Claire is a visionary artist and performer from Kansas City, US, currently a student at Kansas City Art Institute. Since her internship at The Nelson-Atkins Museum of Art, she has been travelling around the world volunteering for charities as according to her, “there’s nothing more rewarding”. Her preferred vacation style is “spending some time doing something good for somebody else and leaving a positive impact with my murals”. So far, she has left murals in Indonesia and Costa Rica.

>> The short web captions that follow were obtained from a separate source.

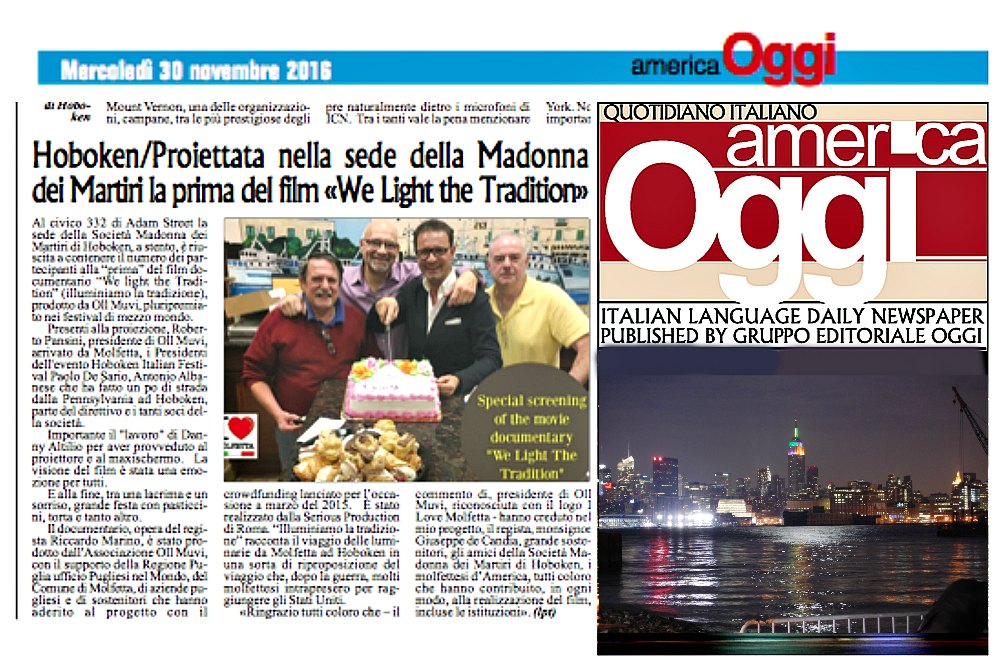 Molfetta insieme con Hoboken su America Oggi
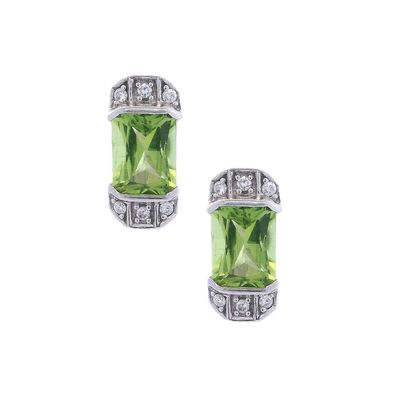 14K White Gold Peridot & Diamond Stud Earrings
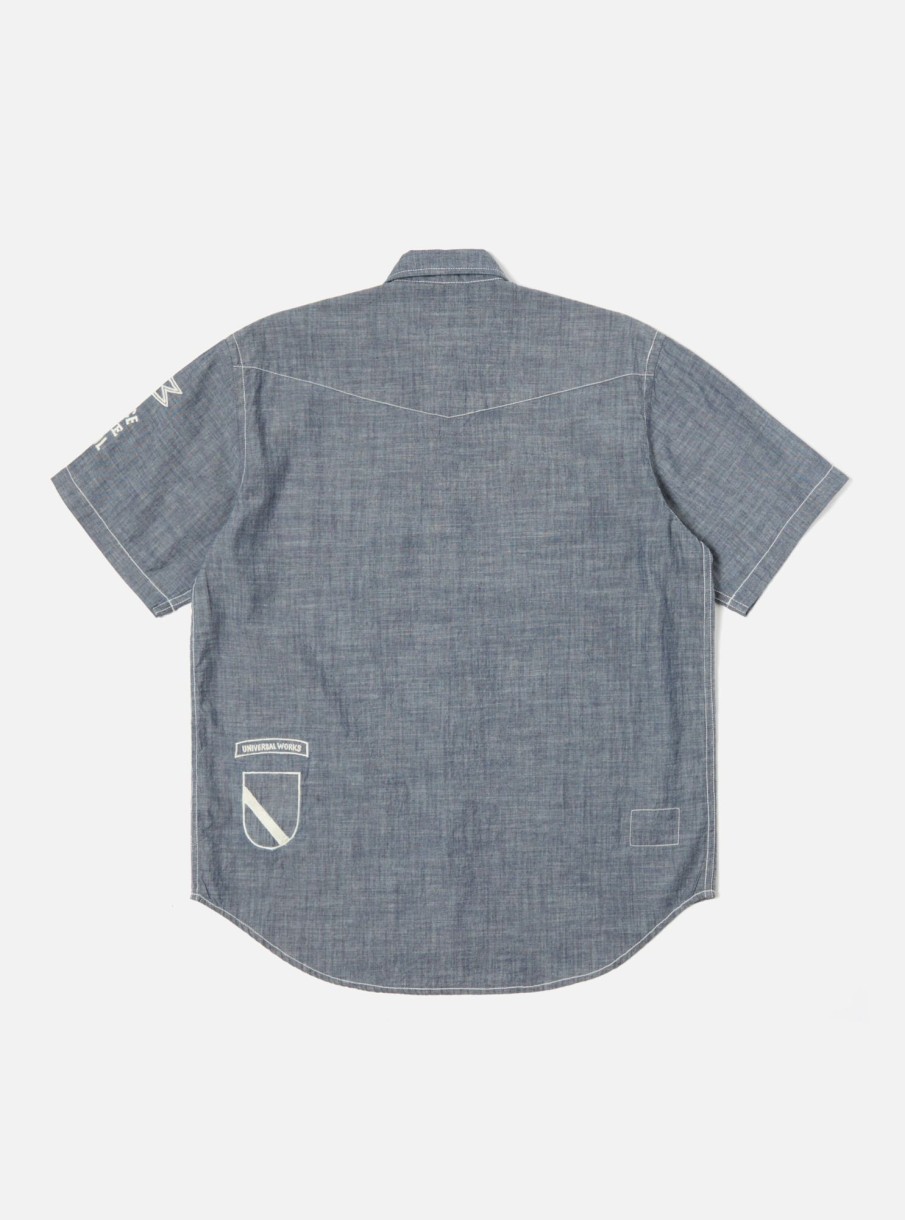 Clearance Universal Works Universal Works Embroidered Western Garage Shirt In Indigo Chambray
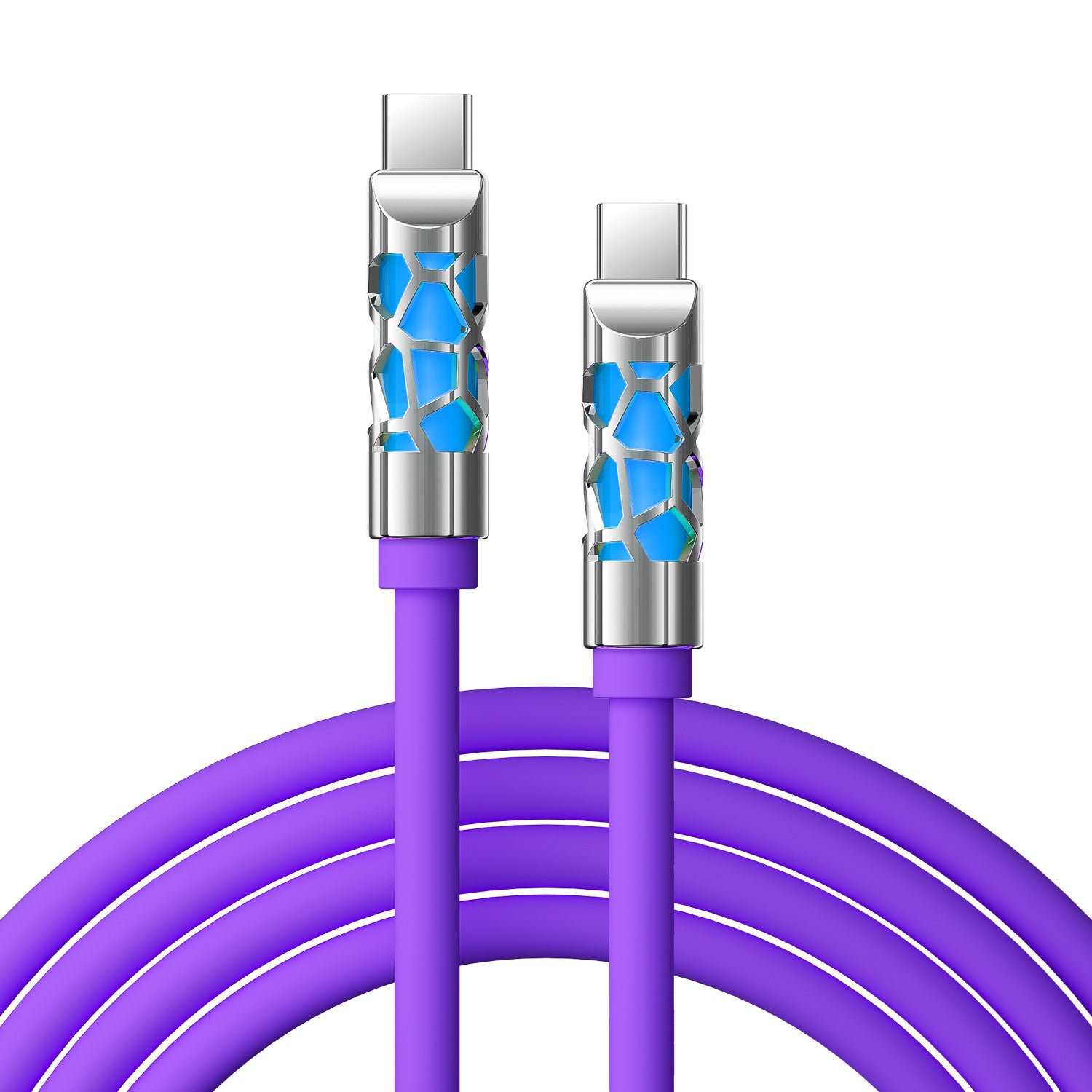 240W Fast Charging Silicone RGB Light-emitting Data Cable for iPhone 3.93ft |MX2561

On her Phuket travels, Claire met the Good Shepherd Sisters, charity workers who empower, enhance dignity, support self-sufficiency and build esteem for those excluded from society. She was touched by the volunteers’ hard work and people’s generous donations and sacrifice for the St. Euphrasia BanYa Literacy Centre which helps children access high-quality, long-term education in Thailand and Myanmar.
As an artist, Claire has her own belief in doing something good for the children. According to her research, “visual information in environments in which we live, work and learn in have an impact on our capacity to do those things. So the more beautiful spaces are, the more our capacity to learn and to be positive, to be proud and to be happy”. So she decided to create another mural to show her support and appreciation.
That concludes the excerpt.